Publié le 7 septembre 2025
Immobilier dans l'Europe du Sud : pourquoi regarder vers le Monténégro et l'Albanie ?

L’investissement immobilier en Europe du Sud a longtemps été synonyme d’Espagne, Grèce et Italie pour les investisseurs français. Pourtant, en 2025, ces destinations traditionnelles affichent des rendements de plus en plus décevants face à la flambée des prix et l’alourdissement fiscal. Pendant ce temps, deux pays des Balkans émergent comme des alternatives particulièrement attractives : le Monténégro et l’Albanie.

Chiffres clés dans les Balkans

Ces marchés en pleine croissance offrent des rendements nets supérieurs, une fiscalité avantageuse et des prix d’entrée encore abordables. Ce guide complet, basé sur des données récentes de 2024-2025, analyse pourquoi il pourrait être temps de revoir sa stratégie d’investissement européenne vers ces nouveaux eldorados immobiliers.

Disclaimer :

Cet article présente une analyse comparative des marchés immonteliers du Sud de l’Europe, mettant en lumière les avantages potentiels du Monténégro et de l’Albanie par rapport à des destinations plus établies comme l’Espagne, la Grèce et l’Italie. Les informations contenues dans ce document sont fournies à titre informatif et général uniquement ; elles ne constituent en aucun cas un conseil financier, juridique ou d’investissement personnalisé. Les marchés immobiliers sont par nature volatils et les potentiels de rendement évoqués sont des projections qui ne garantissent pas les résultats futurs. Investir à l’étranger comporte des risques spécifiques, incluant mais sans s’y limiter les fluctuations économiques, les changes, les cadres réglementaires en évolution, les risques politiques et fiscaux. Il est impératif pour tout investisseur de mener sa propre due diligence approfondie et de consulter des conseillers professionnels indépendants (experts juridiques, fiscaux et financiers) spécialisés dans le pays visé avant toute décision d’investissement. La décision finale incombe exclusivement à l’investisseur, qui assume l’ensemble des risques associés.
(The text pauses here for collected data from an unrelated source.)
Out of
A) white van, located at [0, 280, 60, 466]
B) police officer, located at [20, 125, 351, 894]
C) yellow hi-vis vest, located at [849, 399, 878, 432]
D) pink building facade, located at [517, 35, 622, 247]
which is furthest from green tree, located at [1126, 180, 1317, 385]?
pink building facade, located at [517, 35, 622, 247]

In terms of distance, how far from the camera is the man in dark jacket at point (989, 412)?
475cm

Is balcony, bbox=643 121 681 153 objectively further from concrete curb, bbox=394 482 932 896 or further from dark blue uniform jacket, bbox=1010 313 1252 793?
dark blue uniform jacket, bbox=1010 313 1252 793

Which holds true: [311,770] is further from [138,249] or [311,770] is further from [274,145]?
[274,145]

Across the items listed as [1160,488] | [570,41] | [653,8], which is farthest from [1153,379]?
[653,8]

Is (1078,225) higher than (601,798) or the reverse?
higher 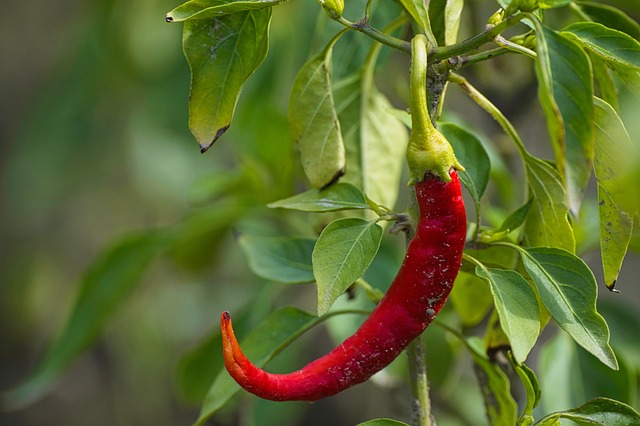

N’hésitez pas à me contacter pour en savoir plus.

Panorama comparatif : Europe du Sud traditionnelle vs Balkans émergents

Panorama comparatif : Europe du Sud traditionnelle vs Balkans émergents

L’essoufflement des destinations traditionnelles

L’Europe du Sud traditionnelle traverse une phase de maturité qui pénalise les investisseurs. En Espagne, malgré une demande locative soutenue, les prix ont progressé de 7,3% en 2024, atteignant en moyenne 2 244€/m² au niveau national. Cette inflation immobilière, couplée à un taux d’imposition sur les revenus locatifs de 19%, comprime mécaniquement les rendements nets. La situation s’avère encore plus contraignante dans certaines régions où la réglementation Airbnb se durcit, limitant les stratégies de location courte durée.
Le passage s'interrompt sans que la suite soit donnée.